How it works: a website prompts website visitors to provide their email address by logging into the site. Then the website visitor receives information about why and how their data will be used. An SSO provider can help a publisher translate the email used during the login into a Unified ID 2.0. Then, a publisher can make the Unified ID 2.0 one of the IDs they support in the bidstream for available impressions across their properties.


FLoC, or “Federated Learning of Cohorts,” is a Google initiative that uses browser data to group Chrome users into cohorts that advertisers can target. With the release of Chrome 89, Google builds on their previously introduced TURTLEDOVE proposal with an experiment titled FLEDGE. The proposal intends to enable retargeting in a world without third-party cookies, using data stored and processed on-device.

Within the FLoC proposal, the Chrome browser determines which cohort a user belongs to based on their browsing behavior. The goal is to keep cohorts large enough to prevent micro-targeting. On the other hand, FLEDGE enables advertisers, publishers, and ad tech providers to add users to interest groups they define.

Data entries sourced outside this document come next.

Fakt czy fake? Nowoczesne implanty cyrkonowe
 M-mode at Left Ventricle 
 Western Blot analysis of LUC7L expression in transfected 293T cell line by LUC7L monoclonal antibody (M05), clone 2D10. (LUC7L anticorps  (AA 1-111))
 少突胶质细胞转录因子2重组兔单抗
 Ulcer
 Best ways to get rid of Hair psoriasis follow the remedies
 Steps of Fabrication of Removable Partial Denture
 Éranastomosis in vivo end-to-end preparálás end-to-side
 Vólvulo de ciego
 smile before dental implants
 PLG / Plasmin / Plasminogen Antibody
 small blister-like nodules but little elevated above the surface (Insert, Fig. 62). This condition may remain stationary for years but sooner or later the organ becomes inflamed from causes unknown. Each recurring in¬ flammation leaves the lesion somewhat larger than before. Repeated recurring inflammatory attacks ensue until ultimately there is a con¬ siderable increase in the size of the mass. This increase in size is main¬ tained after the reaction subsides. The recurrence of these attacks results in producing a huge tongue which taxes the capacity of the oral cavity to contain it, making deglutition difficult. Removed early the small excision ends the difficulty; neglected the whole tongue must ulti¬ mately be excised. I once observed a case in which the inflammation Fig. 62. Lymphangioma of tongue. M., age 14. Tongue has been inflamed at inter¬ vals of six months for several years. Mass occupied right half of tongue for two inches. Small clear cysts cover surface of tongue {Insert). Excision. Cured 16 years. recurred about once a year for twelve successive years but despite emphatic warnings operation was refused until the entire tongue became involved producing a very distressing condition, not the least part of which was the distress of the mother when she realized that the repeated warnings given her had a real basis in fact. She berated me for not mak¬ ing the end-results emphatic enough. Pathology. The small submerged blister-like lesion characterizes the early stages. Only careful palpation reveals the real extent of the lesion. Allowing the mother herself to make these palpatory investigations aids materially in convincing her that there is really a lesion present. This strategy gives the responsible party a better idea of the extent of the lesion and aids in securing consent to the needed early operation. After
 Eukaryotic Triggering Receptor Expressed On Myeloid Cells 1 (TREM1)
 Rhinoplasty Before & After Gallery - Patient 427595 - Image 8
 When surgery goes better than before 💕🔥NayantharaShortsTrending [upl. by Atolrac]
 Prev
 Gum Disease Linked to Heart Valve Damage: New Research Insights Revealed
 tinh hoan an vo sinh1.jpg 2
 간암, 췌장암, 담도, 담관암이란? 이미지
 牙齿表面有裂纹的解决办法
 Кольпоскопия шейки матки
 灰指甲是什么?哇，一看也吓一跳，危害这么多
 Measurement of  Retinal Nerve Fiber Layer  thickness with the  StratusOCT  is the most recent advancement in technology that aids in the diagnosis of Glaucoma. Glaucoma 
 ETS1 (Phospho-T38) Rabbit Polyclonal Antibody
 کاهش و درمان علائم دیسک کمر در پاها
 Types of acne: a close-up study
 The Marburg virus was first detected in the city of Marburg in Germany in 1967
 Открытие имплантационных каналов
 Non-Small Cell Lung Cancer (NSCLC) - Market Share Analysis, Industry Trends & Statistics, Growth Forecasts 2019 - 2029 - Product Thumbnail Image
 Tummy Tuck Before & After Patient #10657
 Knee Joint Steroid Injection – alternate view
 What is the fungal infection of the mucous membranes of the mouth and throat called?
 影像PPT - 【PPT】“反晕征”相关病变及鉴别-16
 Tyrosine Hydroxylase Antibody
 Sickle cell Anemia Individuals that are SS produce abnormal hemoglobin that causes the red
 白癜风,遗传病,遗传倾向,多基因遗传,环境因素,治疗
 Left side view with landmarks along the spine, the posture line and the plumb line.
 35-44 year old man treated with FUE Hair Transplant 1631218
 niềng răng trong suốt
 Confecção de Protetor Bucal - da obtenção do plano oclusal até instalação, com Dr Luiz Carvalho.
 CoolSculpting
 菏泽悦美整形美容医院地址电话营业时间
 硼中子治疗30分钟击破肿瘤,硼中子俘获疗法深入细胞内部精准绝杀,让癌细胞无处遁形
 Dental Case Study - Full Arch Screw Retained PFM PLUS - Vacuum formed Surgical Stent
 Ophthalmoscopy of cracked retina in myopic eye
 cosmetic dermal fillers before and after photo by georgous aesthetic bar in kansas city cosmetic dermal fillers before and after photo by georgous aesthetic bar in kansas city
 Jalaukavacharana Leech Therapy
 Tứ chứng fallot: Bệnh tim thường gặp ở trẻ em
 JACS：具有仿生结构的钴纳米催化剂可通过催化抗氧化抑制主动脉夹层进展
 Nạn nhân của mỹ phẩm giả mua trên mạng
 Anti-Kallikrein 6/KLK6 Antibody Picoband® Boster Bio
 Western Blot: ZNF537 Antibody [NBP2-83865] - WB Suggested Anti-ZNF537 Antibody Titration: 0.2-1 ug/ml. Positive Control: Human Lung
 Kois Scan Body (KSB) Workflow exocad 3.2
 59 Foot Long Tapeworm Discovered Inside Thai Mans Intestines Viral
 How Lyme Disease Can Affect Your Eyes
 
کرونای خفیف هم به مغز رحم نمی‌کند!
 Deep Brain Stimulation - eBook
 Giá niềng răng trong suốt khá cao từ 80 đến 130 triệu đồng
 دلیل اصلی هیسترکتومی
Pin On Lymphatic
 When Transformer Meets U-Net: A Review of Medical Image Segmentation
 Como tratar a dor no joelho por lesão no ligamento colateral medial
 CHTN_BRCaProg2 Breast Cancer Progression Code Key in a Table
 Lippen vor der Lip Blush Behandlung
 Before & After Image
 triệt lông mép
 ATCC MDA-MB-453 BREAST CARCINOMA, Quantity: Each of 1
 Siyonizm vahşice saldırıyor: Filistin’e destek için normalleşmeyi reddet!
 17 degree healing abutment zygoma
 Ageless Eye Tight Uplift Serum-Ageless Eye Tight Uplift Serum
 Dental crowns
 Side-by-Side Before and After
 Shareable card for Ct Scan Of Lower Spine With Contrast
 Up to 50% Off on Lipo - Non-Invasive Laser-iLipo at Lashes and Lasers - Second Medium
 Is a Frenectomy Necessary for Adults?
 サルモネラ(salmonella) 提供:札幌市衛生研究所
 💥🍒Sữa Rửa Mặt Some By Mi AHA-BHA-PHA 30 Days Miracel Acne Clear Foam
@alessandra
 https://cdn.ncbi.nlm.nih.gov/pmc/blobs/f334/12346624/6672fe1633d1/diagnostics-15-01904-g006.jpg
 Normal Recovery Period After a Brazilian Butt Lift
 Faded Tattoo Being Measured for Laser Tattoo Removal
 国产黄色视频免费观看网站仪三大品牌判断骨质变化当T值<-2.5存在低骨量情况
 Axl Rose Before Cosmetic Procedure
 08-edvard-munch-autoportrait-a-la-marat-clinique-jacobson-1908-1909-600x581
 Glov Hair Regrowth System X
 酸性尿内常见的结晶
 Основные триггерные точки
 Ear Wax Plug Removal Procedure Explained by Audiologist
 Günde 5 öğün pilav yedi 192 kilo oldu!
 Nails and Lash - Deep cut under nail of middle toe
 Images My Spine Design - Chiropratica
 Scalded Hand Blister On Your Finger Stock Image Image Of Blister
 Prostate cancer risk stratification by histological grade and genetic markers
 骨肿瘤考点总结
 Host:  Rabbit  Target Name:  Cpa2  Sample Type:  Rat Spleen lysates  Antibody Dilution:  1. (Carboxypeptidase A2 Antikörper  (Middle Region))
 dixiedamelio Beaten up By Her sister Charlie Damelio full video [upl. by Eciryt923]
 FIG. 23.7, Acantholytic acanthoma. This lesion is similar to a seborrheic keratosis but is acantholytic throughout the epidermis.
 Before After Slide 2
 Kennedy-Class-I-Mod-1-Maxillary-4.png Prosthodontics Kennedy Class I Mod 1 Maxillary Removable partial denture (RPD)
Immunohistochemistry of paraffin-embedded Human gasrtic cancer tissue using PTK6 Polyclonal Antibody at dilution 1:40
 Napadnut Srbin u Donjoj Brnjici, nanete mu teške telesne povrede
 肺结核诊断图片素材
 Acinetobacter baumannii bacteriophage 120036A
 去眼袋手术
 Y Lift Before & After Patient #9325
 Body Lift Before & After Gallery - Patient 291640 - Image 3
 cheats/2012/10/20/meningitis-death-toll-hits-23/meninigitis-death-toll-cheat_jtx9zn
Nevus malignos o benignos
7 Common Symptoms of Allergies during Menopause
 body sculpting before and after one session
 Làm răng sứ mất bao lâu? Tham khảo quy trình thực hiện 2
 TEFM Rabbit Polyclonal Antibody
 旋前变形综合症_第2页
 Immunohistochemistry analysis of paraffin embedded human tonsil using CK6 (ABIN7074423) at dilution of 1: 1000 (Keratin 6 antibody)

Here’s how that works: A company puts a snippet of code on their website that assigns users to an interest group. The Chrome browser then stores membership to that group, and only in the browser. The interest group owner defines the advertisers or ad networks that can bid on the group(s) they create. When someone visits a site, a publisher can run an on-device auction for advertisers targeting an interest group. The difference is that the ad auction takes place in the browser instead of an independent ad server.

A first-party solution to a third-party problem

Regardless of which solution brands and publishers choose, one thing is clear: They’ll inevitably need to build up their first-party data footprint to survive.

That means they need to double down on direct-to-consumer channels, like email, and build those one-to-one relationships with their audiences. This way, they can collect data straight from their consumers, improve campaign targeting, and not only survive in a cookieless world but actually be better for it.